With one exception, fixed rate mortgages (FRMs) increased during the week ended January 25 according to both Freddie Mac and the Mortgage Bankers Association (MBA) but both organization's surveys recorded a decline in rates for adjustable (ARM) products. This, however slightly, changed the yield curve in favor of ARMS which have been fairly unpalatable to consumers over the last year.

Freddie Mac's Primary Mortgage Market Survey for the week ended January 25 indicated that the 30-year fixed-rate mortgage averaged 6.25 percent compared to 6.23 the previous week. Points remained unchanged at 0.4. One year ago the rate for the 30-year ARM was 6.12 percent.



The 15-year FRM was the only product that remained unchanged from the previous week when it averaged 5.98 percent and 0.4 point. This figure was 28 basis points higher than the same week in 2006.

The five-year Treasury-indexed hybrid ARM dropped four basis points to 6.0 percent and fees and points also went down from 0.5 to 0.4. One year ago the 5/1 hybrid averaged 5.75 percent. This decline in the 5/1 narrows the gap but still means that its rate remains above the 15 year ARM; an inverted yield curve that has not changed much in the last year.

The one-year Treasury indexed adjustable rate mortgage dropped from 5.51 percent to 5.49 percent with fees and points unchanged. At this time last year the one-year carried an average rate of 5.20 percent.

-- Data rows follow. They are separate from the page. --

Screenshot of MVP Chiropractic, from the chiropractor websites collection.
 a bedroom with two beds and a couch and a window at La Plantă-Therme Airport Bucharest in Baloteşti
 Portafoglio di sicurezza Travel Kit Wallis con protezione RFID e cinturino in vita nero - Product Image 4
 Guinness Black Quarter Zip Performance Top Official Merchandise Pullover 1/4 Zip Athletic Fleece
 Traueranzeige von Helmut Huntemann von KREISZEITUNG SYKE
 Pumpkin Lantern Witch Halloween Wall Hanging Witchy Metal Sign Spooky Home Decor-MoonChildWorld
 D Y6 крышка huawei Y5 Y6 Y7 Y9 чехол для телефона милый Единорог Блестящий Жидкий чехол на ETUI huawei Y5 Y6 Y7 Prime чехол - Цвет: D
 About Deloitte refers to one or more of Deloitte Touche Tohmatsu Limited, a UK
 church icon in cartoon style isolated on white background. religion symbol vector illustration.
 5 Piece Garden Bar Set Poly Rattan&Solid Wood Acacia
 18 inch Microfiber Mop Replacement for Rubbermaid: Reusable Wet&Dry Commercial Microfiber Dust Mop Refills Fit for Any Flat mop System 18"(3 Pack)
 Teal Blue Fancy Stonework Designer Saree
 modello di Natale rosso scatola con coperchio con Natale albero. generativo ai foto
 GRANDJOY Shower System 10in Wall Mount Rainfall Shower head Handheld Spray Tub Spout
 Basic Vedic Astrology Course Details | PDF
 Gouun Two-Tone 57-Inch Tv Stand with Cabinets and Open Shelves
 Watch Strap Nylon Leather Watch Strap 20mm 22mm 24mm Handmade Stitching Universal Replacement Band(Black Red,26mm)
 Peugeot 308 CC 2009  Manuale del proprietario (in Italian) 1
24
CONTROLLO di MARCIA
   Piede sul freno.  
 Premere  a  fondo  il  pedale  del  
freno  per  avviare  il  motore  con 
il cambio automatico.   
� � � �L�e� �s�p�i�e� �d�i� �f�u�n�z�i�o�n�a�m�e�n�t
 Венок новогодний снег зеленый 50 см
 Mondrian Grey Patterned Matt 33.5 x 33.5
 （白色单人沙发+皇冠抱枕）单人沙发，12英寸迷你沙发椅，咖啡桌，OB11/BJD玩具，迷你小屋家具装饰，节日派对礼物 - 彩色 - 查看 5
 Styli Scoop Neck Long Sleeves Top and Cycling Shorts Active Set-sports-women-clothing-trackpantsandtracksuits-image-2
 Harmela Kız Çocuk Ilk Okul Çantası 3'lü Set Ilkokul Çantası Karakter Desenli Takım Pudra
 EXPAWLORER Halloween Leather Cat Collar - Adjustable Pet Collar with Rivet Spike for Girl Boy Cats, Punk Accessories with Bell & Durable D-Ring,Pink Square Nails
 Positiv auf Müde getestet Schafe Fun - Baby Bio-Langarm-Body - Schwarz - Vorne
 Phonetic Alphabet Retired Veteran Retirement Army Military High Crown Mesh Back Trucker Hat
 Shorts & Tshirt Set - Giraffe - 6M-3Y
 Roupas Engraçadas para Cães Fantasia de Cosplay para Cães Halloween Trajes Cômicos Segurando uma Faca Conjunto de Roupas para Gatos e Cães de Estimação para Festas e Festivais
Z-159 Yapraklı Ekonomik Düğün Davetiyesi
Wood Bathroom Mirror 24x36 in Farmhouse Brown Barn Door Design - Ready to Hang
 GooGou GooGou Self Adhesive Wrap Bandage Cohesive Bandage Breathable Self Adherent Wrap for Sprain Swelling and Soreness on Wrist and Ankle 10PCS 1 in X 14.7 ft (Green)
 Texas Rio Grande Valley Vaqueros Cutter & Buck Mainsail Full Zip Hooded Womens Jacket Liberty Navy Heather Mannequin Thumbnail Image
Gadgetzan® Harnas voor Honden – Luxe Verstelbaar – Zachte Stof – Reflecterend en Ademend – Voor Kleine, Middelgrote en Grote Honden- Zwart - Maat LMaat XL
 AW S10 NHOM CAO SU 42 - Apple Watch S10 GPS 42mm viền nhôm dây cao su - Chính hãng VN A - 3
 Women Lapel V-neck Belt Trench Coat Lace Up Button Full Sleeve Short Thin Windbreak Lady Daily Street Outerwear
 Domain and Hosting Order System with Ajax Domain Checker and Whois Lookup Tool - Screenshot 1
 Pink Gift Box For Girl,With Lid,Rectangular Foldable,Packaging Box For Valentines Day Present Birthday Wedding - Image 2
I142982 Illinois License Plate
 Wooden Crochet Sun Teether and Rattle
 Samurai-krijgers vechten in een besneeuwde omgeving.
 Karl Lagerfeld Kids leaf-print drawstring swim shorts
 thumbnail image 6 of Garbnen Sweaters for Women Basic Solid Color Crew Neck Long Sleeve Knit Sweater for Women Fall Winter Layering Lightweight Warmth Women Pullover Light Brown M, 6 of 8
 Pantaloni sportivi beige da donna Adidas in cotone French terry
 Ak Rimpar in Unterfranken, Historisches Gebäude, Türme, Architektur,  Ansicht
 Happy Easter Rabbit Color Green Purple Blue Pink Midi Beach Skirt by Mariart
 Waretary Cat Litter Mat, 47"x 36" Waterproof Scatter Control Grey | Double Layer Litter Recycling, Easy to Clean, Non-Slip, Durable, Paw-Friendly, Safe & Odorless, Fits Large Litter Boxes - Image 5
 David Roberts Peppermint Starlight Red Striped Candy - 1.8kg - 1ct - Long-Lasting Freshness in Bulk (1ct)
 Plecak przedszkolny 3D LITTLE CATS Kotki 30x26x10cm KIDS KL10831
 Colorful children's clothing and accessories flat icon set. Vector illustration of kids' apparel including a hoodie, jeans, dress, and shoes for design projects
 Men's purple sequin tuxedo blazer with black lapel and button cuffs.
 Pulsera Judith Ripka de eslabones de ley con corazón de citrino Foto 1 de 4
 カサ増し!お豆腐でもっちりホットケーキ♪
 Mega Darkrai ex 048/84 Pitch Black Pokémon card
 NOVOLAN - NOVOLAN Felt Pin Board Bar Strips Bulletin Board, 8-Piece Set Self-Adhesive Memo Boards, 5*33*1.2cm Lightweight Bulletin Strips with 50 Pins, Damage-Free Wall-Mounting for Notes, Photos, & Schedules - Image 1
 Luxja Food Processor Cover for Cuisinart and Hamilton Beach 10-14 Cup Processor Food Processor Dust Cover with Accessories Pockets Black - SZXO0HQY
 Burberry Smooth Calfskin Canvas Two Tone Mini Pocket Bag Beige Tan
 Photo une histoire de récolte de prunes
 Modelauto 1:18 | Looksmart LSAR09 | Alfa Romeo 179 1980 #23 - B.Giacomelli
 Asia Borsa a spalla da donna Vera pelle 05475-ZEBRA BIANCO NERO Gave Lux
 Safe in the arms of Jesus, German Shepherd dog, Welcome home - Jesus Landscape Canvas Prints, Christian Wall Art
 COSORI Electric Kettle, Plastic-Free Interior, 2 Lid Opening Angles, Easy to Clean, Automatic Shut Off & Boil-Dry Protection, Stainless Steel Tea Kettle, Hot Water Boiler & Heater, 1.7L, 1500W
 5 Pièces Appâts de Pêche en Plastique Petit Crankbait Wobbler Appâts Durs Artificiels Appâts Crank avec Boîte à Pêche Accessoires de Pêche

According to Frank Nothaft, Freddie Mac vice president and chief economist, "Mortgage rates were mixed this week on news that December's leading indicators signaled steady growth in the coming months. In the housing market, December's new construction came in stronger than expected despite a decline in one-unit residence starts. Over the coming week, a flurry of reports will provide further readings on the strength of the housing market and economic conditions. Primary among these will be the first estimate of fourth quarter GDP growth, and we could see interest rates change in response."

(The Federal Reserve, meeting on January 31, was expected to leave federal rates unchanged.)

MBA's report on its Weekly Mortgage Applications Survey for the week ended January 26 essentially mirrored the Freddie Mac data although changes, in most cases were more dramatic. 30-year FRMs increased to 6.29 from 6.22 percent with points, including the origination fee, increasing to 1.07 from 0.97.

15-year fixed-rate mortgages increased to 6.01 percent from 5.93 percent; points increased to 1.07 from 1.02, and one-year ARMs decreased to 5.86 percent from 5.91, with points increasing to 0.83 from 0.81.

Mortgage application activity was up slightly both week-over-week and year-over-year. Applications increased 3.2 percent on a seasonally adjusted basis over the previous week and 5.9 percent when unadjusted. Compared to last year at this time applications were running at a pace that is 0.7 percent higher.

Refinancing's piece of the cake was down again, undoubtedly reflecting rising rates, to 47.4 from 47.8 percent while the share of adjustable rate mortgages rose slightly from 20.3 percent to 21.4.